250-year-old pub could become houses
By Andrew Merrell | 11th October 2019
A 250-year-old former public house in a Gloucestershire village could be converted into new homes.
Plans have been put to the Forest of Dean District Council to alter the building, which dates from the 1770s, into four homes.
Part of The Angel public house's back story is that until the 1980s it is understood to have been used as the meeting place of a mock court dating back to the turn of the century, presided over by a mayor.
It closed as a pub in 2008 and was used for a period as a music school.
If the applicant, Thomas Barker of Uxbridge, is given the go-ahead would see the building saved from near ruin.
"The subject property as a whole comprises an inner terrace two storey building more recently in use as a public house, but which has been in s state of dereliction over a period of time.
"The property occupies a roadside split with a single storey projection at the at the rear left side," said a report from chartered structural surveyors Andrew Marcham & Co.
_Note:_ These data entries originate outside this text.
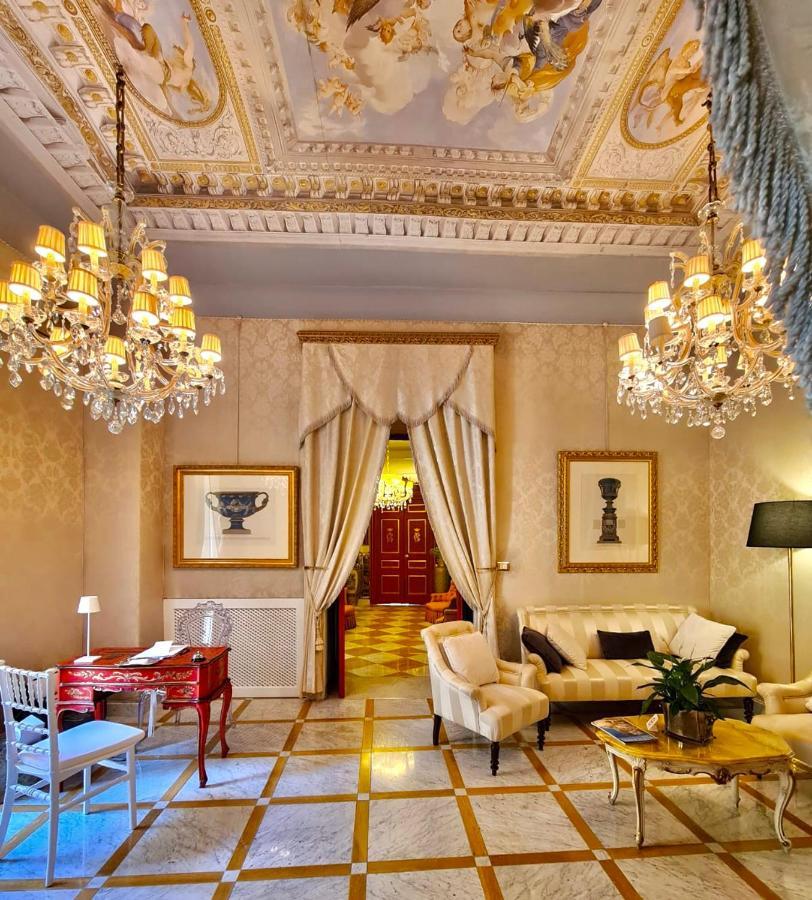 Palazzo Cherubini-Pools & Wellness Rossano Extérieur photo
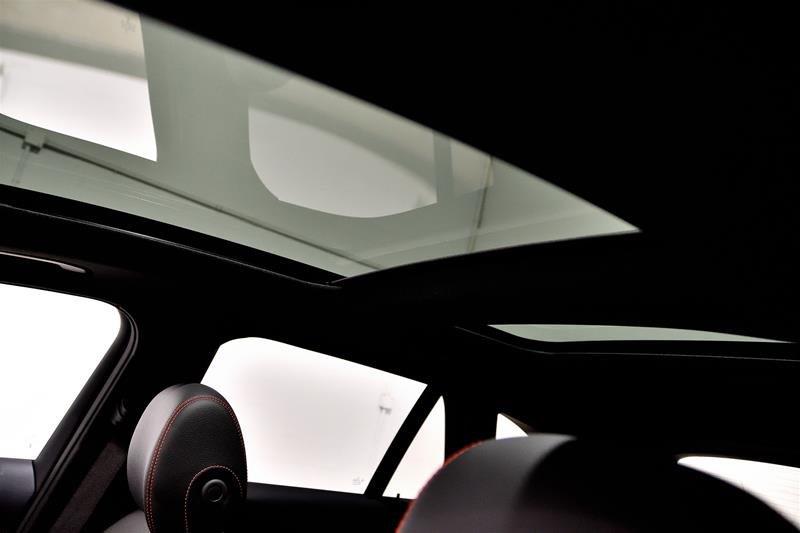 mercedes-benz GLC43 AMG 2022 - 15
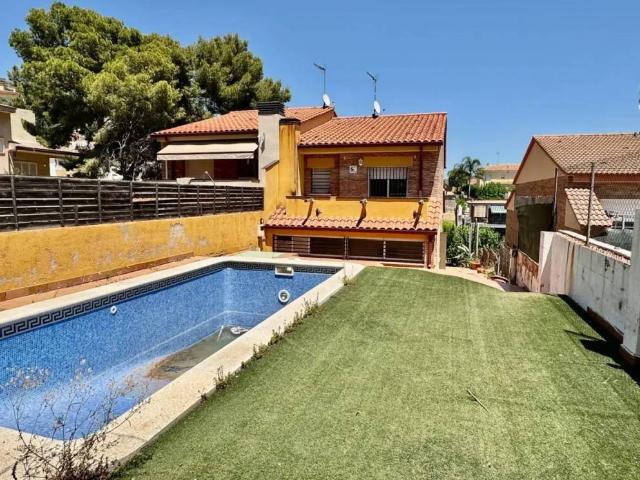 Casa en venta en Baix Penedès, Catalunya
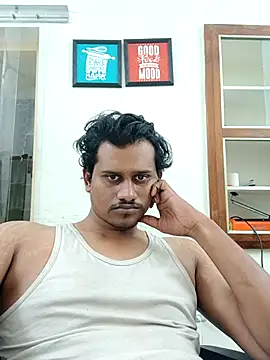 Snapshot of Long_Laster chatting on 02-19-25, 01:06 Long Laster online show from 02-19-25, 01:06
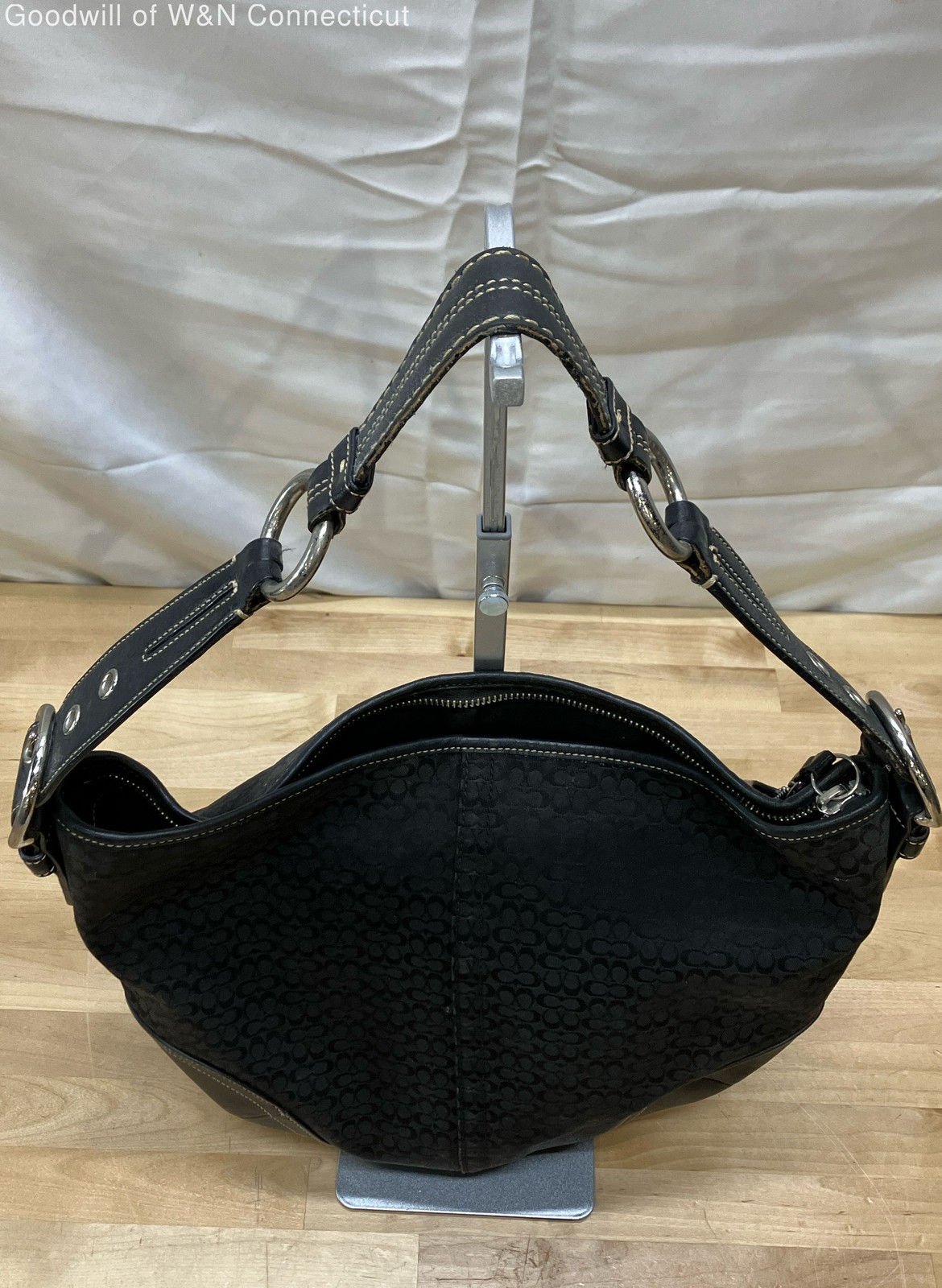 Authenticated Coach Women's Black Basic - image 2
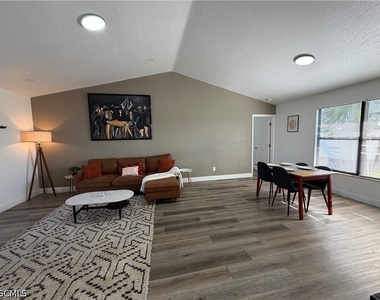 2811 Se 15th Place - Photo Thumbnail 1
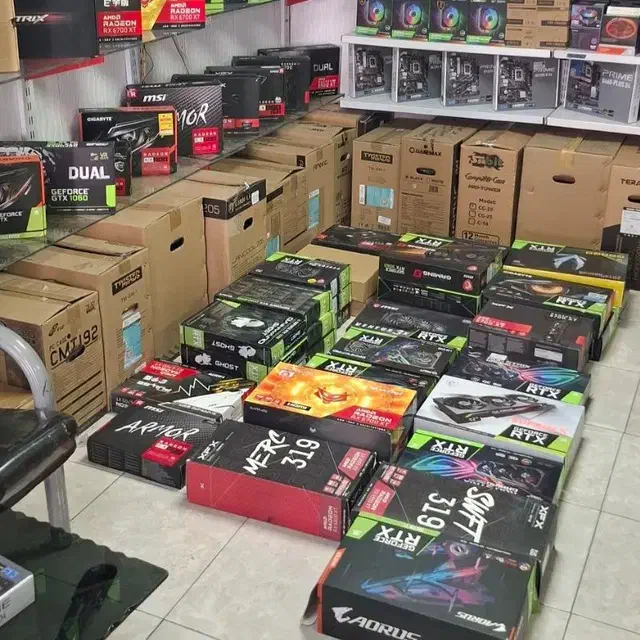 فروش کارت گرافیک Amd nvidia غیر ماینی|قطعات و لوازم جانبی رایانه|تهران, سلسبیل شمالی|دیوار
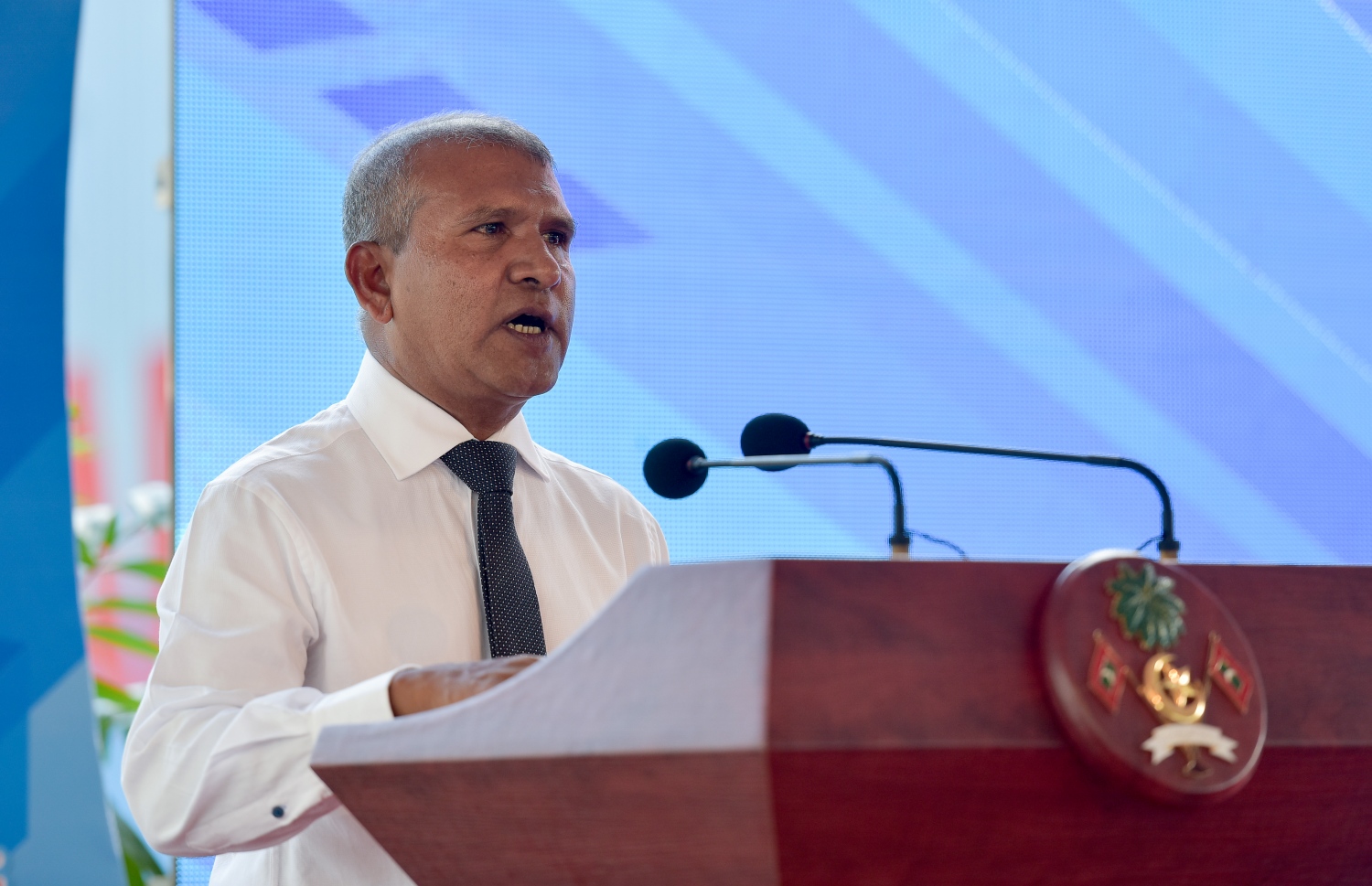 އެންސިސް ފިޝަރީޒްގެ މެނޭޖިން ޑިރެކްޓަރު ވާހަކަ ދައްކަވަނީ-- ފޮޓޯ: ނިޝާން އަލީ/މިހާރު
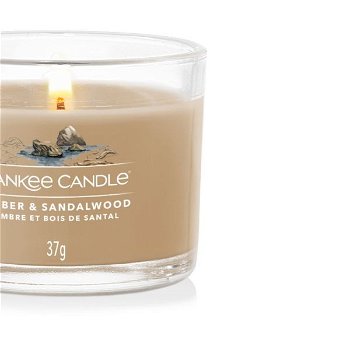 Yankee Candle Votívna sviečka v skle Amber & Sandalwood 37 g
One wall "exhibits evidence of significant outward bowing".
"Internally the property is generally in s state of quite sever dereliction with much deterioration to the wall surfaces from both rising and penetrating dampness."
While some grander houses have been known to come with titles, this particular estate does not.
However, anyone born in the new homes would enjoy the rights of a true Forester. The home sits within the Hundred Of St Briavels. Those born within the ancient administrative area have rights to mine coal from the area.
According to legend, to become a registered Free Miner the 1838 Dean Forest Mines Act says a person must be living within the Hundred, more than 21 years old, and have worked a year and a day in a mine within the area.